Possibly, the next logical question is whether it is possible to add a command to use the necessary federation (USE FEDERATION) to the body of the procedure. As we got the ID of the account to be created, we know which federation we are going to work with, and can directly proceed to use the necessary shard.

USE FEDERATION Accounts(AccountId = @AcccountId) WITH RESET, FILTERING = OFF
GO

Unfortunately, if you do this, SSMS will display an error message. The problem is that the AddAccount procedure is stored on a specific shard, and this means that you cannot use the USE FEDERATION operation. Apart from that, using the USE FEDERATION statement is just impossible in procedures. The code for switching federations must be placed at a "higher level".

This concludes the changes that must be made in the database creation script. You can apply them without errors. As a result, you create a single root database (federation root) and one shard (federation member).

Sharding

One last thing we have left to do is actually scaling out the database - separating the data of one account from the data of another account.

Create a separate script for this purpose:

-- Scaling out the federation
USE FEDERATION ROOT WITH RESET
GO

ALTER FEDERATION Accounts SPLIT AT (AccountId = 2)
GO

The first thing this script does is it starts using the federation root, meaning it starts working within the bounds of the xPenses database, since the information about federations (metadata) is stored there.

Next, define that you want to partition the Accounts federation, beginning with the AccountId field with the value "2". This way, the data of the first account remains on the first shard, and the data of all the other accounts is moved to the next. Keep in mind that you do not need to specify it anywhere that the table used for data partitioning is the Account table. You work only with the metadata of the xPenses database!

Well then, you run this command and... there is a possibility that when you refresh the Object Explorer window you'll see the following:

Instead of one new shard you got... three! There is actually nothing wrong with that. The reason for this is that the data stored within the bounds of the first shard is copied in accordance with the AccountId value. In other words, for the account with the ID value "1" you must copy the data to one shard, for one with the ID value "2" - to another one. Obviously, this takes time. After SQL Azure redistributes the data among the shards, you will see that you got a database with the federations metadata and two shards.
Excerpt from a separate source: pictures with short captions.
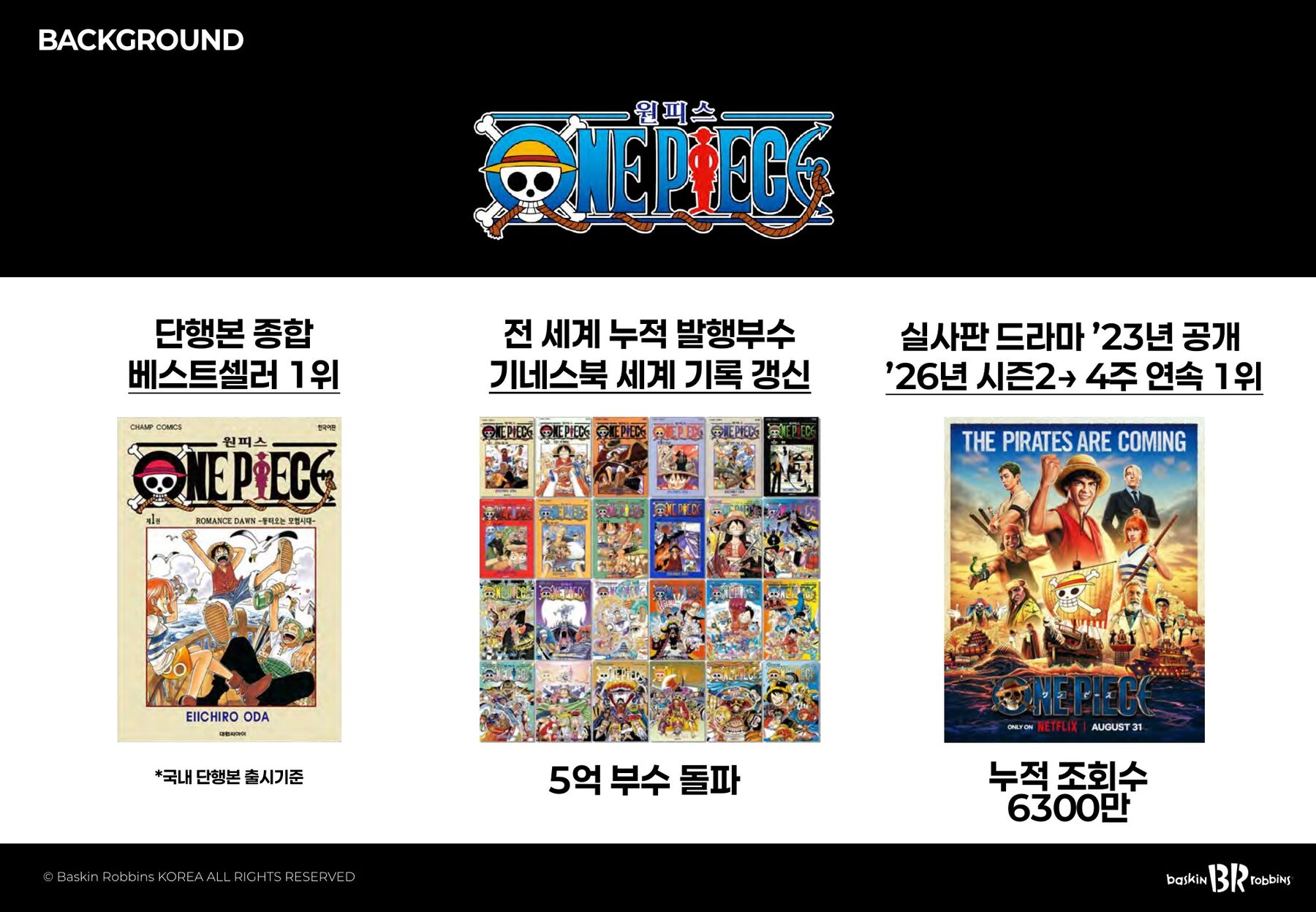 One Piece background: bestseller, Guinness record, Netflix
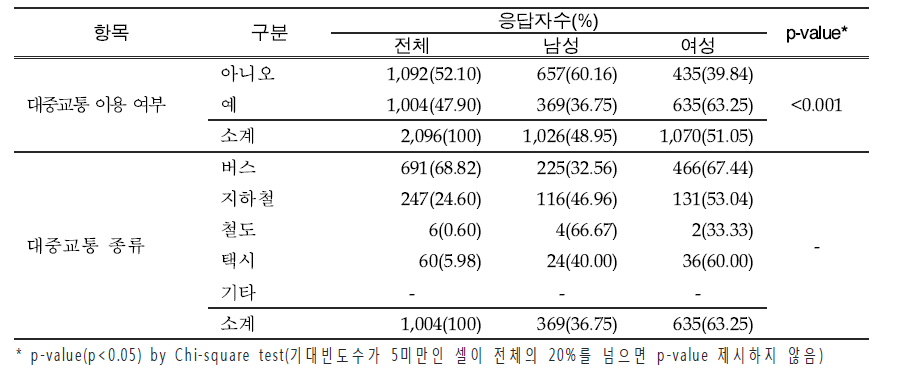 대중교통 이용 여부 및 대중교통의 종류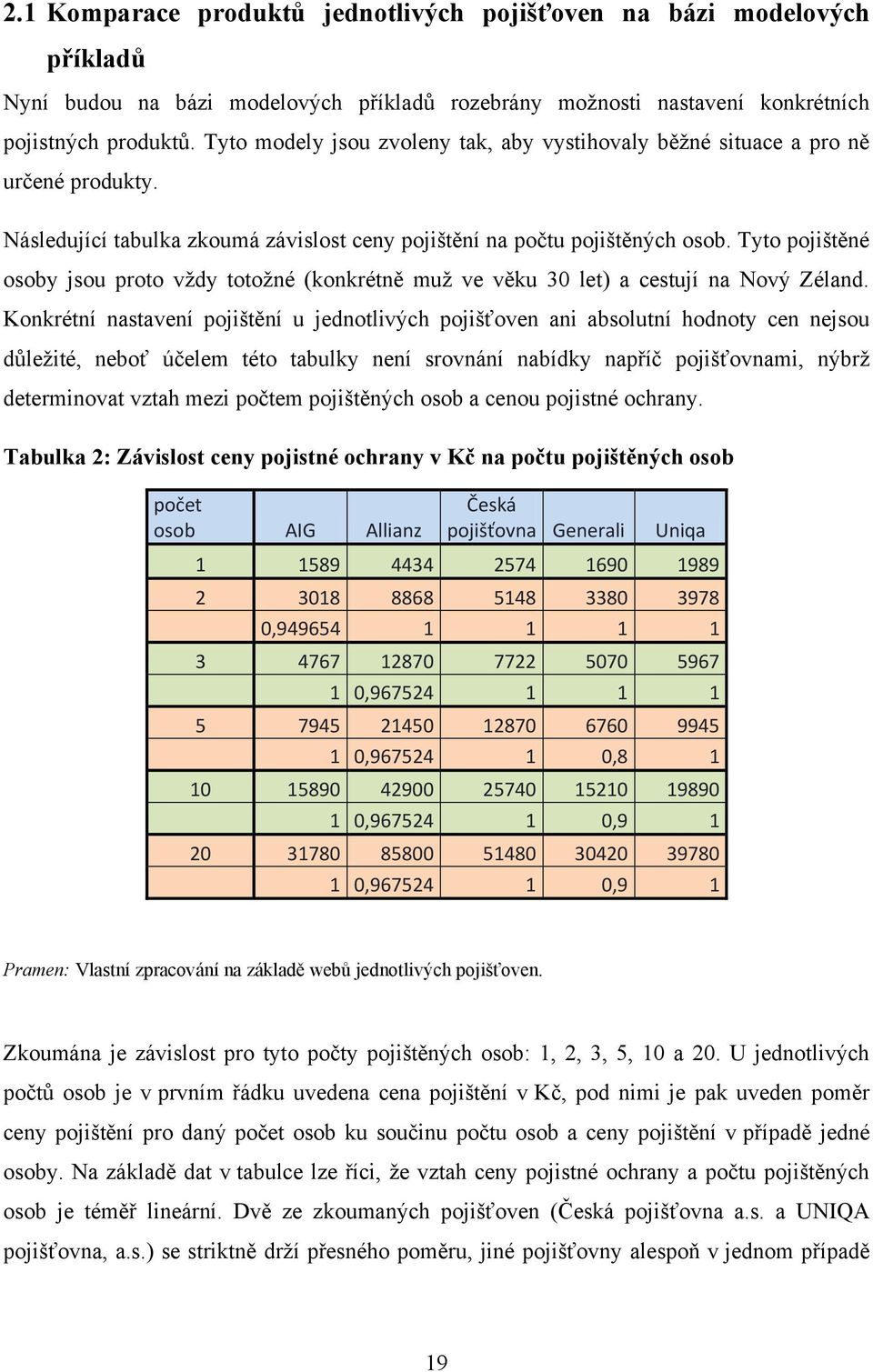 Tyto pojištěné osoby jsou proto vždy totožné (konkrétně muž ve věku 30 let) a cestují na Nový Zéland.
Now, if you need to split the data into three shards, for example, to move the data of the account with the ID value "3" to a separate shard, you just need to run the following command:

ALTER FEDERATION Accounts SPLIT AT (AccountId = 3)
GO

Conclusion

We have examined the process of migrating a database creation script for using it with SQL Azure Federations. As you can see, you can avoid most bottlenecks pretty easily. However, a significant part of the database logic must be moved to a "higher level". We stayed at the database level. In real projects, we strongly recommend conducting a detailed analysis of the application environment and the database architecture before commencing migration using SQL Azure Federations.